Positive -log10(p-value) indicate increased concentration and negative -log10(p-value) indicate reduced concentration in PCa. The unstratified, balanced and unbalanced datasets all have the same statistical power.
Fig 3
Fig 3. Schematic representation of pathways affected by genes and metabolites.
(A) Polyamine pathway. (B) TCA cycle, fatty acid synthesis and glutamine consumption. The genes up- and downregulated in the balanced dataset are highlighted in red and blue respectively. Gene names: ODC1: ornithine decarboxylase 1, SRM: spermidine synthase, SMS: spermine synthase, AMD1: adenosylmethionine decarboxylase 1, SAT1: spermidine/spermine N1-acetyltransferase 1, SMOX: spermine oxidase, ACO1/2: aconitase 1/2, CS: citrate synthase, ACLY: ATP citrate lyase, ACACA/B: acetyl-CoA carboxylase alpha/beta, FASN: fatty acid synthase, SUCLA2: succinate-CoA ligase ADP-forming beta subunit, SUCLG1/2: succinate-CoA ligase beta subunit, SDHA/B/C/D: succinate dehydrogenase complex subunit A/B/C/D.
Fig 4
Fig 4. Integrated analysis of gene expression and metabolite concentrations highlights and validates genes corresponding to metabolic changes in key pathways important for prostate cancer (PCa).

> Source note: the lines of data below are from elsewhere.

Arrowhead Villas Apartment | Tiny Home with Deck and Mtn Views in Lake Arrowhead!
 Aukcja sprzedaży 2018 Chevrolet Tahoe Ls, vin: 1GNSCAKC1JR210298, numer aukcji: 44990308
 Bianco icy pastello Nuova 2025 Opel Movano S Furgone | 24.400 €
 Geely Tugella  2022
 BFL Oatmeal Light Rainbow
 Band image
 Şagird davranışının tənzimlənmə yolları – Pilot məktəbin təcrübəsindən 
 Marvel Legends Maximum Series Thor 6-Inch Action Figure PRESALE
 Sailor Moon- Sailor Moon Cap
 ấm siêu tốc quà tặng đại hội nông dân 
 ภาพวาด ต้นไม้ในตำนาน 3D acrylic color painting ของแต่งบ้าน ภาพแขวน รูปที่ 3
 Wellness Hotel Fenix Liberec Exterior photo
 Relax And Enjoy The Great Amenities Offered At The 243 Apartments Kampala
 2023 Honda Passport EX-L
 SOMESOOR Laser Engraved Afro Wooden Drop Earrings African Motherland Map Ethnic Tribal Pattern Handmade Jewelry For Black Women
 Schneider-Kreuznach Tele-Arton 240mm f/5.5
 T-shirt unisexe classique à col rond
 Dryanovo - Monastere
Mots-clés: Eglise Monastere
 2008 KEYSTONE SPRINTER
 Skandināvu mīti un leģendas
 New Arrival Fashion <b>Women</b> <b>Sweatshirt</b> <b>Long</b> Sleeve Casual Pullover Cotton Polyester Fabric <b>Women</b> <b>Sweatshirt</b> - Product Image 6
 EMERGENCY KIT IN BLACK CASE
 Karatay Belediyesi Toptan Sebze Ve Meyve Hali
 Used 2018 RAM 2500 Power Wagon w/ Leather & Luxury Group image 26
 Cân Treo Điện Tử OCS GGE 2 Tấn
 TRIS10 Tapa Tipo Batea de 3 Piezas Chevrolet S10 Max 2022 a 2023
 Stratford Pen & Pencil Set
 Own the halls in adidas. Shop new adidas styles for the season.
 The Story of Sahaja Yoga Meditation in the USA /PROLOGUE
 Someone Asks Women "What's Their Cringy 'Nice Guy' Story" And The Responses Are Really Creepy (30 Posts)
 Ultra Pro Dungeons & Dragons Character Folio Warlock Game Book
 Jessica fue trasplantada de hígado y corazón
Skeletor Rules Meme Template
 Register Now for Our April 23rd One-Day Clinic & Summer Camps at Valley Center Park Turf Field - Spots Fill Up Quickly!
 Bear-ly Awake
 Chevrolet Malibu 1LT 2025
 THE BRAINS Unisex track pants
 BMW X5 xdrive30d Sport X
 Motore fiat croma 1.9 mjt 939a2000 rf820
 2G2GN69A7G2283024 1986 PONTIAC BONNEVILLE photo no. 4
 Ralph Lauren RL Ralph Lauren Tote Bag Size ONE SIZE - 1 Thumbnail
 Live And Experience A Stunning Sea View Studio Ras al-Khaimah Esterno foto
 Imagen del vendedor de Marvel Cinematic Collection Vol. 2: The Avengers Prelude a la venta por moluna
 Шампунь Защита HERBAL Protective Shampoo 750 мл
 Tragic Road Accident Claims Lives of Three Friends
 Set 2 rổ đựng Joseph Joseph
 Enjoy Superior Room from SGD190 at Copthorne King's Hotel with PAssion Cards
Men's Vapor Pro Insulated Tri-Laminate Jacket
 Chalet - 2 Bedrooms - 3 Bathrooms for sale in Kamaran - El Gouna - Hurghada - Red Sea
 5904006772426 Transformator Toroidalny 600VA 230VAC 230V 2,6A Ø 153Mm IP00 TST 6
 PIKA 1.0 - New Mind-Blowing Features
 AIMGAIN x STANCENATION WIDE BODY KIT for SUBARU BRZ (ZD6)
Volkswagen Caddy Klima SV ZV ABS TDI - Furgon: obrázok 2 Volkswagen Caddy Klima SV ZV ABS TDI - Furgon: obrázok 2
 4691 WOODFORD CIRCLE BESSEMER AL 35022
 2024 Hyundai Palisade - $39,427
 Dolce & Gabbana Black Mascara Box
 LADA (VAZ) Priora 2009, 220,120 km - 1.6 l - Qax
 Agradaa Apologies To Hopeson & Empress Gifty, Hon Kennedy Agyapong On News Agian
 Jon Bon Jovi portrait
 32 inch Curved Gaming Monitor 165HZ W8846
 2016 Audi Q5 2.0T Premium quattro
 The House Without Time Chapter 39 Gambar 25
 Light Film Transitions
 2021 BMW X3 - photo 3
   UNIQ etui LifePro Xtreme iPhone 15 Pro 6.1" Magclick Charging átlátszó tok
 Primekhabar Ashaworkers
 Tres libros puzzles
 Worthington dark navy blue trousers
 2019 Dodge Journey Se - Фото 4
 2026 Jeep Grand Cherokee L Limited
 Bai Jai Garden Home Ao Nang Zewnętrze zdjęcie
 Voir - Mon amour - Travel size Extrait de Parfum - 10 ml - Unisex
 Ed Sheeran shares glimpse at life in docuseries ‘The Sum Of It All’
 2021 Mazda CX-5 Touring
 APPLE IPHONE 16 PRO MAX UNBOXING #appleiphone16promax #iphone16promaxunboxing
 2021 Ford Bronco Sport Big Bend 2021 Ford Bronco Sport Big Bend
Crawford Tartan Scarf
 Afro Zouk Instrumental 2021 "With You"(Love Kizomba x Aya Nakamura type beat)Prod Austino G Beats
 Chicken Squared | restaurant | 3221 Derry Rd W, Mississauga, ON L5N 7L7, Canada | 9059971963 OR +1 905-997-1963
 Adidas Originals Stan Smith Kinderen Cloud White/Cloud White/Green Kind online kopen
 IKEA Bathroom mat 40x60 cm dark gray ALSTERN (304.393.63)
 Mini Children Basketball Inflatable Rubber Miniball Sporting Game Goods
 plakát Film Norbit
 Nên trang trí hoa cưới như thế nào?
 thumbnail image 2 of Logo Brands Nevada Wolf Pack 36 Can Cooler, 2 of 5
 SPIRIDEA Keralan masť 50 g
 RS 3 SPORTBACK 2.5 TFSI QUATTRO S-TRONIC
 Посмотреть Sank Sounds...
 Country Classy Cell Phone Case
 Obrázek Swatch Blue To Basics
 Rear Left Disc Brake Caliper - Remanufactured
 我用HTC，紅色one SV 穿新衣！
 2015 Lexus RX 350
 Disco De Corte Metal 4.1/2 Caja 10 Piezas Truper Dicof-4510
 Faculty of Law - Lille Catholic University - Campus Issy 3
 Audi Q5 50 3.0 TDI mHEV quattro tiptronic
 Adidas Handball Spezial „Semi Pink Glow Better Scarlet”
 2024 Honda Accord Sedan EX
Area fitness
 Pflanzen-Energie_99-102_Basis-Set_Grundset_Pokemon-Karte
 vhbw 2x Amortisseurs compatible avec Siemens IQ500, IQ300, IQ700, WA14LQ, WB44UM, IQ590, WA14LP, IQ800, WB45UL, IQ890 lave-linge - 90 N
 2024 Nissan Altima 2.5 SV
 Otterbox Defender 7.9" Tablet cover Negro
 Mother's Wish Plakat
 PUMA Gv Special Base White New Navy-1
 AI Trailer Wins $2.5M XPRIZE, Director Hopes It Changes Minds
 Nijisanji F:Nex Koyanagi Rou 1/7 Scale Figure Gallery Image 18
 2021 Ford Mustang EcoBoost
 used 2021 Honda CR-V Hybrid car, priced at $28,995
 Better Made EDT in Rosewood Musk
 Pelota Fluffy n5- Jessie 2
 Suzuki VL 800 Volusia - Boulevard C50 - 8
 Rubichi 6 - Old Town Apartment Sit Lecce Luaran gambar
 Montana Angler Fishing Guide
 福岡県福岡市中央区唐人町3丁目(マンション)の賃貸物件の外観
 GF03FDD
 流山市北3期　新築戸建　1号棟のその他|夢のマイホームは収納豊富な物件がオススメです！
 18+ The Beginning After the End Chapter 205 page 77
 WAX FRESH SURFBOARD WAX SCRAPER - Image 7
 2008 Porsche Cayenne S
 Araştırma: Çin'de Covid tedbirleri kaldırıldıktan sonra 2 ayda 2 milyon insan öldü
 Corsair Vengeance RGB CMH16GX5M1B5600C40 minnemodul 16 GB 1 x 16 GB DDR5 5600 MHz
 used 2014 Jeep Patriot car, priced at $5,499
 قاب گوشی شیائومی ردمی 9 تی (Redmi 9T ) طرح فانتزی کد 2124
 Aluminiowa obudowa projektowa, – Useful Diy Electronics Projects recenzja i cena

(A) Top: SRM and putrescine in the polyamine pathway. Middle: SUCLA2 and SDHD and succinate in the TCA cycle. Bottom: Citrate in fatty acid synthesis. Positive -log10(p-value) indicate upregulation and negative -log10(p-value) indicate downregulation. The metabolites displayed on the left side are a subset of the metabolites shown in Fig 2. (B) Validation of significant genes in PCa compared to normal samples with respect to the polyamine pathway, succinate in the TCA cycle and fatty acid synthesis in an independent dataset. (C) Average tissue compositions in the balanced, unbalanced and complete/unstratified datasets from the validation study. Histogram of tissue distributions are shown in Figure D in S3 File. (D) Number of shared genes among the N first genes sorted by the significance ratio score when various datasets are compared. Genes with opposite changes (3 in the balanced and 116 in the unbalanced datasets) were removed from analysis. The number shared genes are much higher when balanced and unbalanced datasets are compared between themselves, than when balanced are compared with unbalanced datasets. This indicates that the validation and control studies display a highly concordant ranking of genes for both the balanced and unbalanced datasets.